Development indicators vary substantially from one member state to another, in line with the disparities in wealth. For example, life expectancy at birth ranges from 51 years in the CAR to 64 years in Gabon. Despite the comparatively wealthy status of Gabon and Equatorial Guinea, around 70% of CEMAC residents live on less than a dollar a day, and 30% lack sufficient food.
Limited Growth
Low levels of economic development in some member states are linked in part to the fact that GDP per capita growth – in purchasing power parity (PPP) terms – has been slow in recent decades when compared to other African frontier markets. The bloc as a whole has remained heavily reliant on hydrocarbons production and is strongly affected by international energy price fluctuations. Indeed, per capita income in PPP terms, adjusted for inflation, has been more or less flat in all member states other than Equatorial Guinea since 1990.
Some of the reasons for this slow growth include a comparatively difficult business environment in member counties.

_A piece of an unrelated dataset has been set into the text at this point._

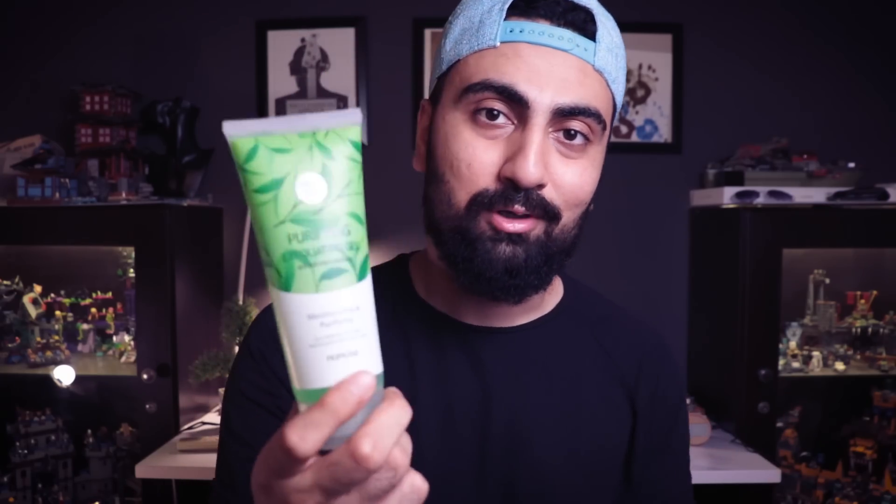When you use this exfoliating gel on your skin, you can really feel the dead skin coming off. After using this product, my skin feels noticeably smoother and cleaner. It's a great addition to any skincare regimen, and my skin care routine has genuinely improved from using better products like this.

Gabon was the top performer of the six CEMAC member states in the World Bank’s 2017 “Doing Business” report, with a ranking of 164 out of 190 countries on the ease of doing business index, while the worst performing member, the CAR, came in at 185th. Many of the countries in the zone are also currently facing economic headwinds as a result of the sharp fall in global energy prices that began in mid-2014 and accelerated in 2015. As regional oil exports fall by 32% in value terms, regional growth slowed to an estimated 1.6% at constant prices in 2015, down from 4.9% the year before. Oil GDP shrank by 0.4%, while non-oil GDP grew by 2.6%. In dollar terms, the bloc’s combined GDP in 2015 fell by almost 23% . At the same time, the region’s overall combined fiscal deficit grew to 6% of GDP in 2015, and its current account deficit grew by 9%, while currency reserves fell by 41% between the end of 2014 and March 2016, to approximately 3.9 months of import cover.
Integration Efforts
Attempts to integrate the economies of the bloc and boost levels of regional trade have also struggled to get off the ground. While CEMAC was established with the intention of allowing the free movement of goods, people and capital, only the last of these goals is currently fully in place. Customs duties between member states remain for many major goods, though there have been some recent successes in bringing them down, and visa-free travel within the zone is currently only possible between Cameroon and Chad. As a result, trade within the bloc is only around 3% of the total combined value of trade by member states, constraining the development of regional synergies and consequently slowing growth.
However, the regional authorities appear to be taking some steps towards fostering greater integration. For example, in late 2015 the bloc presented a new regional economic convergence framework, based on factors such as a shared fiscal rules and a common public deficit ceiling, to enter into force in 2017.